Se le ve caminando un poco ido, como si ya estuviera donde quisiera llegar o como si todavía no hubiera pisado un pie afuera de la casa. A veces en un café, con una novela o un poemario sobre la mesa, mucho más preocupado por una mala trama o por una infortunada imagen poética que por la queja ajena de una señora encopetada.

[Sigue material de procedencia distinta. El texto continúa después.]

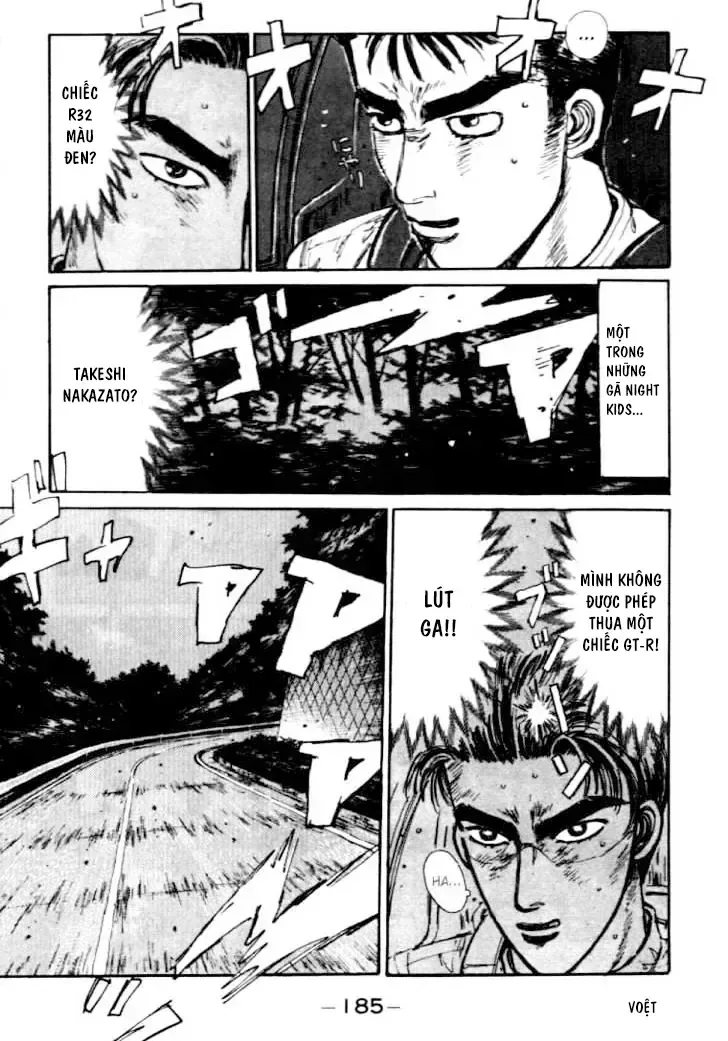 Initial D chương 42 - trang 5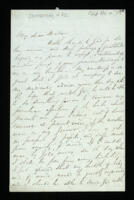 Letter from H. A. S. Johnston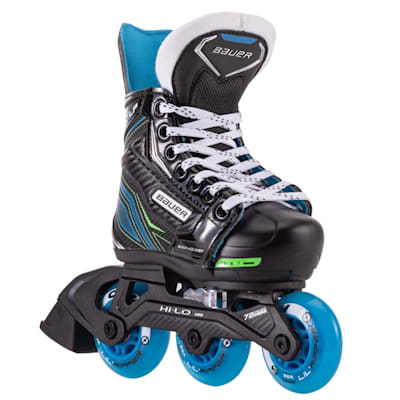 Bauer S24 XLP Adjustable Roller Skate Youth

Hay días en que se puede conversar con él, cuando uno ve que sale de su trance. En esos momentos dice varias cosas: “Prefiero no leer mucho a los de antes para no sentir que lo que hago lo hizo alguien más”, dice. “Este es un oficio muy difícil, muy poco valorado, pero hay que seguir”, dice. “Yo hubiera querido ser un gran lector desde pequeño, pero la verdad es que no fue así. Me llegó la literatura tarde”, dice. “A mí no me interesa que me manden libros de los premios que me gano; a mí me interesa que me reconozcan mis derechos como autor”, dice.

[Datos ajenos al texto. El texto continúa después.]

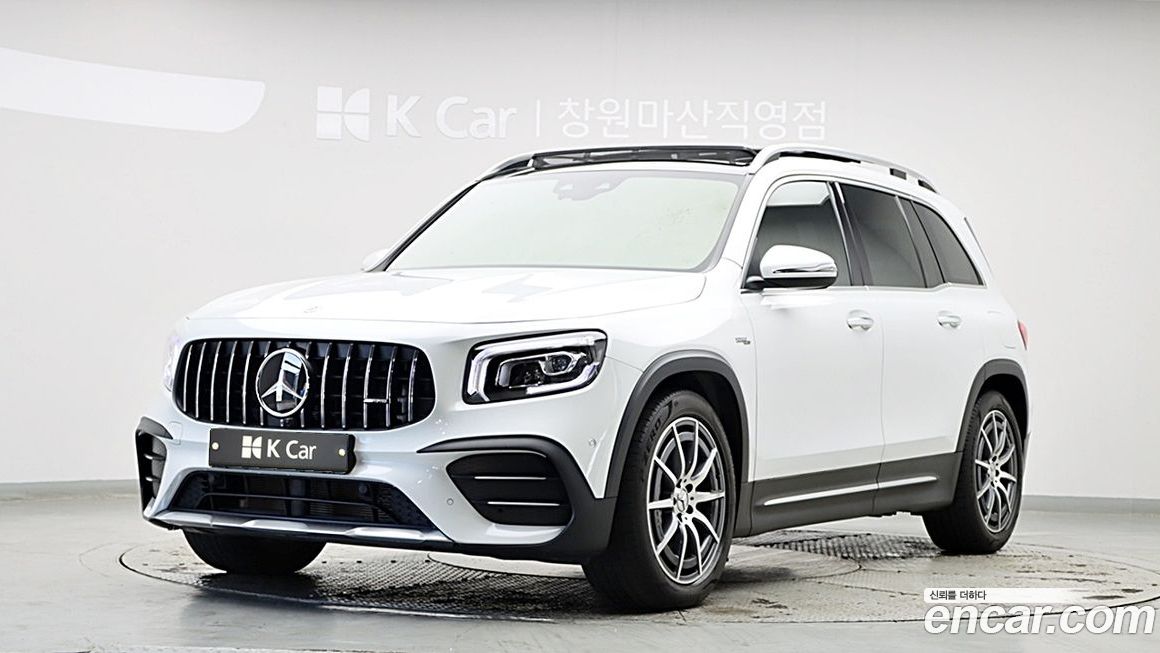 Mercedes-Benz GLB-Class AMG GLB35 4MATIC, 2023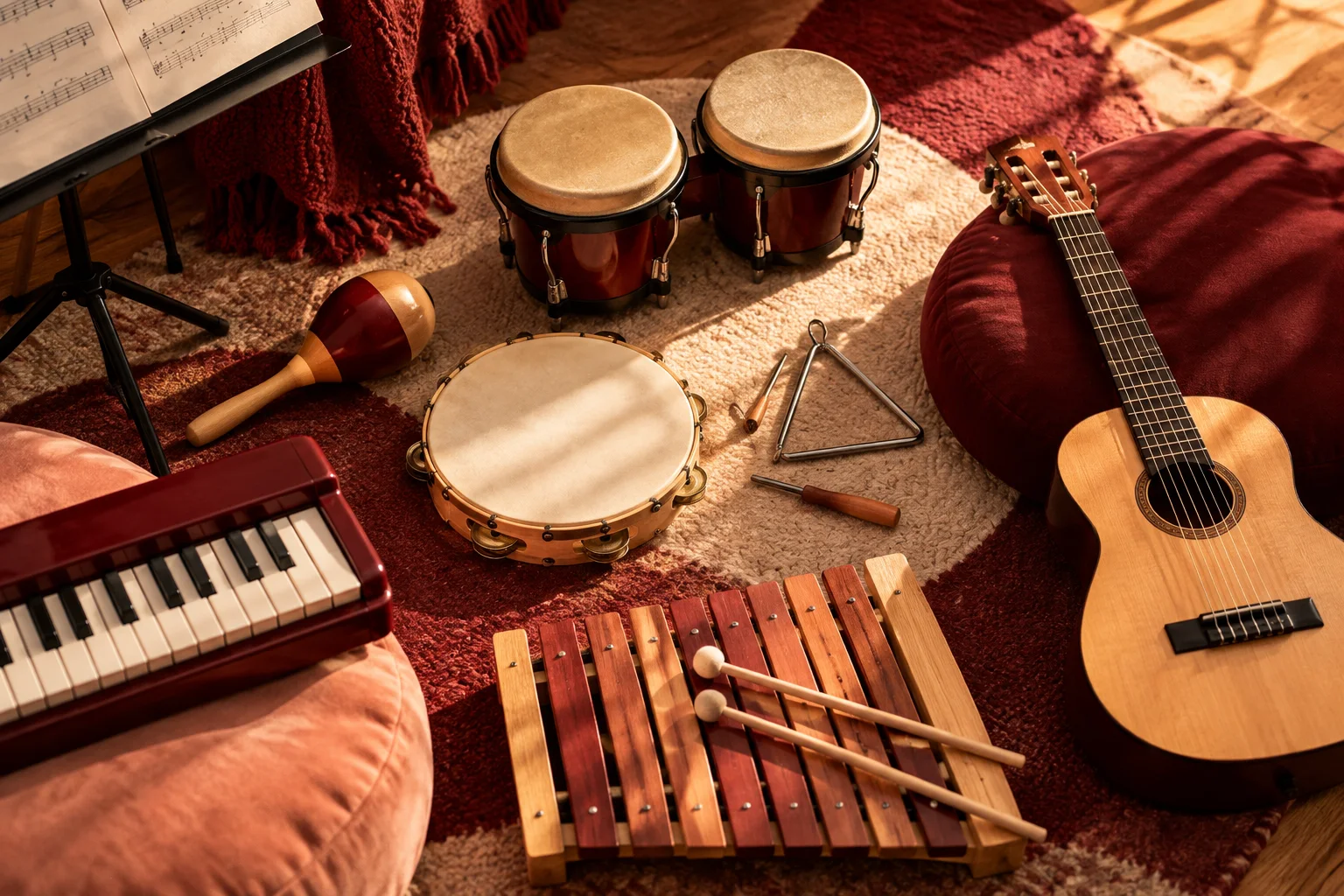 Música em diferentes idades Música em diferentes idades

Su nombre es Alejandro Sánchez, el poeta que fue nominado al premio “Caldense del año”. No es algo menor que el año pasado hubiera ganado dos concursos nacionales: quedó de primero en el Concurso Nacional de Poesía Eduardo Cote Lamus y de segundo en la Bienal de Poesía Inédita de la Tertulia Literaria de Gloria Luz Gutiérrez. Sin embargo, lo que más emociona es que esté contribuyendo con otras personas a que el adjetivo “caldense” no sea sinónimo de “político corrupto” y de “escándalo mediático”. También está Federico Ríos, homenajeado hace poco en el Congreso de la República por su trabajo fotoperiodístico y nominado a su vez al “Caldense del año”.

En una ciudad donde decir que uno es escritor es como decir que uno es un dinosaurio, decir que uno es poeta es peor: un espécimen todavía más raro. Alejandro no se autodenomina poeta, pero ese nombre lo persigue; va siempre detrás de él como si una palabra anduviera. Tampoco goza del mote “poeta caldense”; en el fondo sabrá que no sirve de nada estar en los anaqueles olvidados de las bibliotecas públicas -si acaso-.

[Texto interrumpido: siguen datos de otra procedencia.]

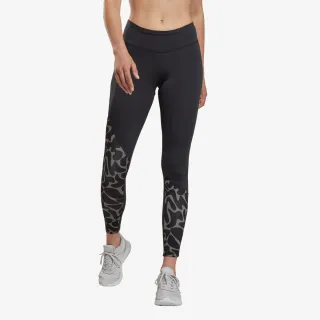Reebok Running AOP Tight 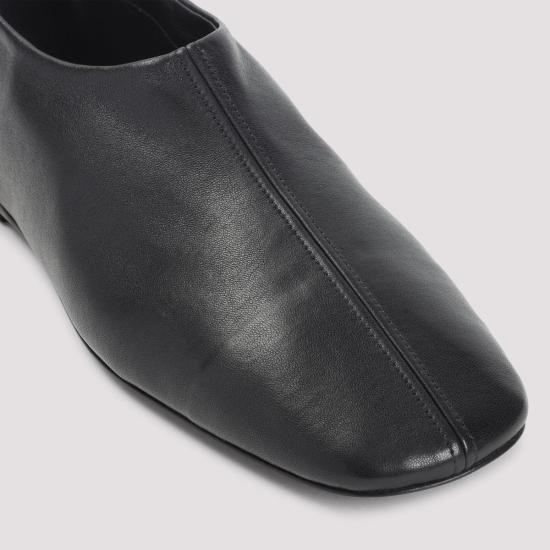 25FW 드리스 반 노튼 로퍼 252011703140 900 Black - DRIES VAN NOTEN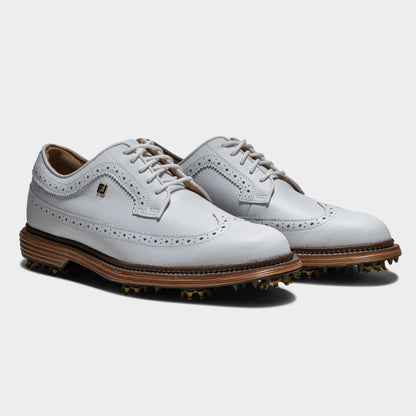 FOOTJOY PREMIERE SERIES MARQUIS -- WHITE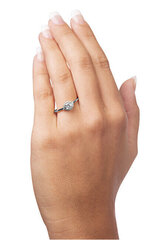 Kuldsõrmus Brilio 229 001 00804 07 hind ja info | Sõrmused | kaup24.ee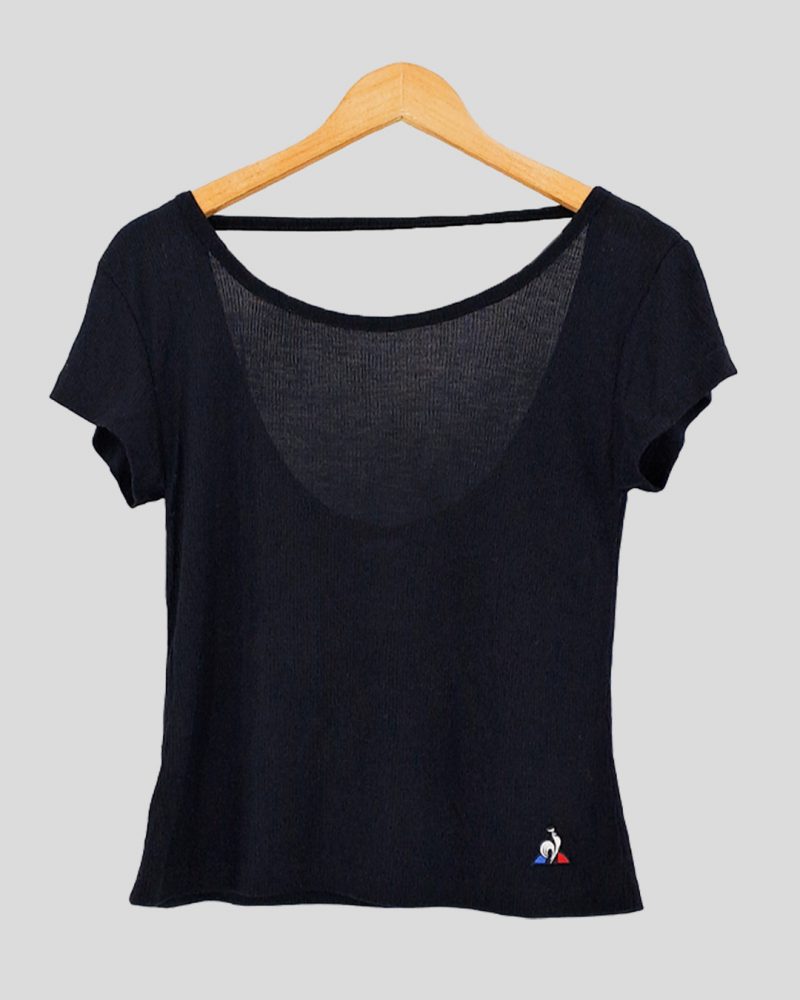 Remera Basica Le Coq Sportif de Mujer Talle 42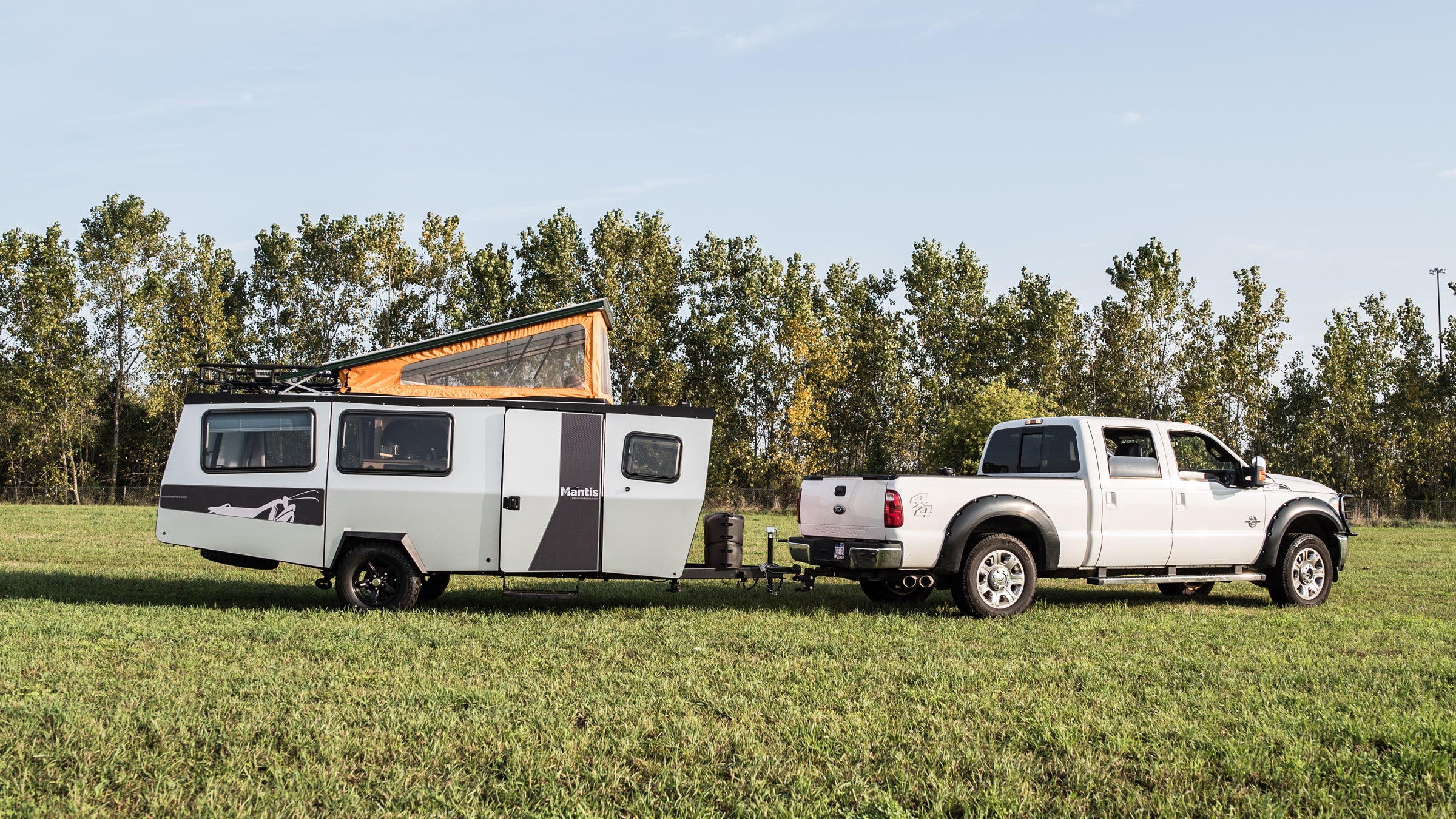 A trailer so nice it's almost considered glamping.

Leer sus libros Tierra de fuego y Aguas adentro es adentrarse a su propia interpretación de la poesía (incluso su libro de cuentos Canasta familiar puede decirse que es poesía). Hay complejidad, hay sutiliza, hay heridas. Sus poemas pintan mitos en palabras, el silencio del mundo después del abismo, el lenguaje del fuego y del agua. Hay mucho de juego en sus obras: “La poesía también es juego”, dice. Asunto que no es menor, pues ha hecho carrera en Colombia y en el mundo la asociación extraña de considerar que quien mejor sufre mejor escribe (o quien mejor dice sufrir mejor dice escribir).

Por último, dice: “En Manizales solo suceden cosas cuando juega el Once Caldas”. Tal vez sea verdad, pero la prueba de que no es cierto es él mismo: aquí ocurre su poesía sobre todo durante el silencio del estadio, cuando lo persigue “la palabra andante”.